Trail footage from counties of the west coast of southern Florida shows the animals struggling to walk. They appear to have no trouble using their front legs, but their hind legs crisscross and sometimes completely give out under their weight as they walk, causing them to stumble and struggle to continue walking. The video footage has shown eight panthers (mostly kittens) and an adult bobcat that appears to have the same condition.

“We have not seen anything like this in wild panthers or bobcats in Florida before,” said Florida Fish and Wildlife Conservation (FWC) spokeswoman Carli Segelson told Fort Myers News-Press in an email.

One panther and one bobcat that were tested showed positive signs of neurological damage.

Wildlife officials say the animals are struggling with “coordinating their back legs.”

“While we do not know what is causing the abnormal gait, possible causes include a variety of toxins and infectious diseases, many of which have been ruled out,” Segelson said. “The affected animals that we have had in hand have not had distemper.”

Several videos of affected cats were collected from Lee, Collier, and Sarasota counties. FWC believes at least one cat in Charlotte is also suffering from the condition.

“The number of animals exhibiting these symptoms is relatively few; however, any disease or condition impacting multiple animals is cause for concern,” Segelson explained. “We are increasing monitoring efforts to determine the full scope of the issue.”

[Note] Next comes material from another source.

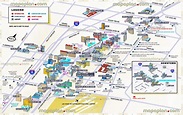 Las Vegas map - Tourist information 3d new map showing best hotels ...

The FWC is now testing the cats for additional toxins, including rat poison, along with other possible infectious diseases and nutritional deficiencies. They have not shared the eliminated conditions with the public as of the time of this writing.

In a news release, the FWC asked the public to submit any video footage of photos “that happen to capture animals that appear to have a problem with their rear legs” to their panther sighting webpage at MyFWC.com/PantherSightings. If you have larger files, they ask that you please contact the FWC at [email protected].

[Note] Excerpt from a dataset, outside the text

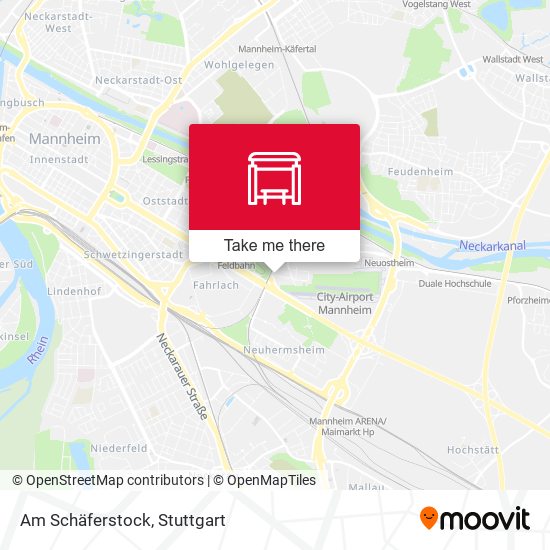 Am Schäferstock map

Here is some video footage of affected panthers:

There is one possible cause that isn’t being mentioned.

I’ve been scouring the internet in search of information on this, and as of the time of this writing, I have been unable to find any discussion on one possible cause of this strange big cat behavior: prion disease.

Recently, we reported on the rise in cases of a prion disease called Chronic Wasting Disease (CWD, also referred to as “Zombie Deer Disease”) in cervids. The symptoms in the panthers and bobcats in Florida sound similar, so I did some digging to see if this kind of disease infects cats.

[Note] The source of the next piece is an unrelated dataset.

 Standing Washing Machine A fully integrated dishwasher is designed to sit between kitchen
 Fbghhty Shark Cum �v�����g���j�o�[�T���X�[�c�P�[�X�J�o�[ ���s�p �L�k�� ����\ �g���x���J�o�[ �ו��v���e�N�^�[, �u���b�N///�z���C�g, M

It turns out, it does. It is called Feline Spongiform Encephalopathy (FSE) and it is a neurodegenerative disease, caused by a prion, that affects members of the cat family. According to a report from The Center for Food Security and Public Health at Iowa State University,

Once the clinical signs appear, this disease is invariably fatal. FSE is caused by the same agent that is responsible for bovine spongiform encephalopathy (BSE) in cattle.

FSE has been documented in domesticated cats (housecats) and captive wild cats including cheetahs (Acinonyx jubatus), pumas (Puma [Felis] concolor), ocelots (Leopardus [Felis] pardalis), tigers (Panthera tigris), lions (P. leo), an Asian golden cat (Catopuma temminckii) and an Asian leopard cat (Prionailurus [Felis] bengalensis). (source)

An early sign of prion disease in animals is problems with walking – in particular, issues with hind legs. This has also been noted in felines with prion disease:

Gait abnormalities and ataxia are also common, and typically affect the hindlegs first. Affected cats often display poor judgment of distance. Some cats develop a rapid, crouching, hypermetric gait. (source)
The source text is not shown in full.